Republican Sen. Mike Rounds of South Dakota said soon after that “the vast majority” of GOP senators prefer a “different direction” than Scott’s plan.

The far-right Floridian could take the hint and change the subject, but apparently thinks he can talk his way out of this.

The day after the State of the Union address, Scott accused Biden of lying, before undermining his position and offering fresh evidence that the president’s claims were true. Yesterday, the GOP senator appeared on Fox News and continued to endorse the plan that much of his party hates:

“I said [in my policy blueprint] that we ought to review programs every five years. They said somehow that’s a ‘cut.’ Well, you know what? If we, what do we do on defense? There’s no 40-year plan for defense. There’s no hundred-year plan for defense. Every year we go through the defense budget. So if you don’t support hundred-year plan for defense, you must be cutting defense every year.”

First, Social Security and Medicare are qualitatively different from military spending for reasons that should be obvious: Officials can make actuarial estimates about social insurance programs and future needs, while national security threats are constantly changing and evolving.

What's more, Social Security and Medicare provide earned benefits to which Americans are legally entitled. The defense budget is something else entirely.
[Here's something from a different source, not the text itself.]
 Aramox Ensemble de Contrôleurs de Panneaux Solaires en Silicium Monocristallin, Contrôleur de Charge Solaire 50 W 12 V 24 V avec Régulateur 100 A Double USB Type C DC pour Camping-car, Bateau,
Second, no one said Scott’s plan to sunset Social Security and Medicare every five years necessarily constitutes a “cut” to the programs. What Democrats — and Republicans — have said is that subjecting Social Security and Medicare to such a process needlessly puts the programs at risk for no reason. Scott is pushing back against an argument that his critics haven’t made.

“Instead of making the wealthy pay their fair share, some Republicans, some Republicans, want Medicare and Social Security to sunset,” the president said, referring to the Floridian’s far-right plan. Scott, in response, has now repeatedly proven Biden right, insisting that he really does want Medicare and Social Security to sunset every five years.
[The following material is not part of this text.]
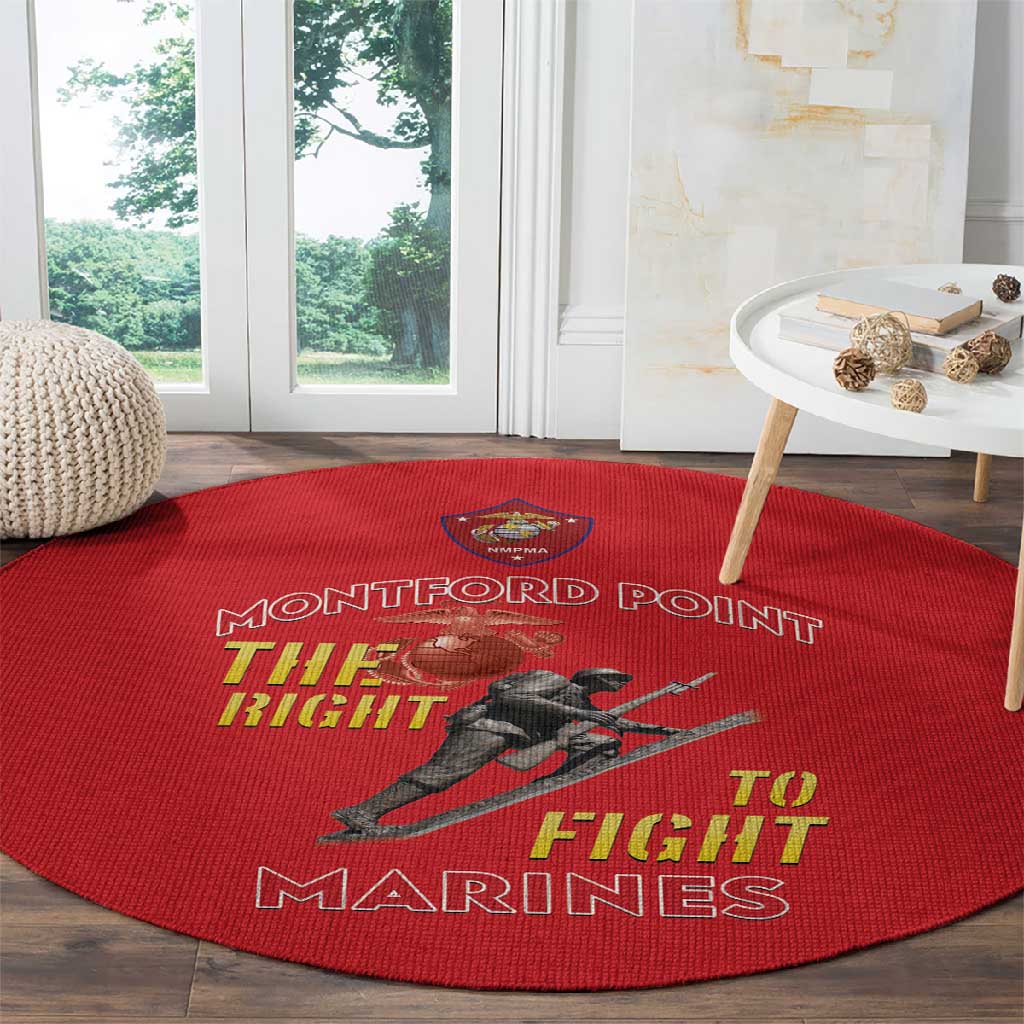 African American Heroes Round Carpet Montford Point Marines - Red LT15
He’s had plenty of opportunities to exempt the social insurance programs from his agenda, but instead, Scott keeps reemphasizing how entirely accurate his critics have been in describing his plan.

Finally, let’s not brush past the fact that Scott isn’t just complaining about Democratic criticisms that he keeps admitting are accurate, he’s also pushing back against his ostensible GOP allies who desperately want him to stop talking about his unpopular agenda.

I’m mindful of the fact that Florida has become an unmistakable red state, and the incumbent senator will be favored to prevail next year, no matter what he says or does between now and Election Day 2024. But it also seems Scott is eager to test those limits, pushing misguided ideas that both parties reject with equal enthusiasm.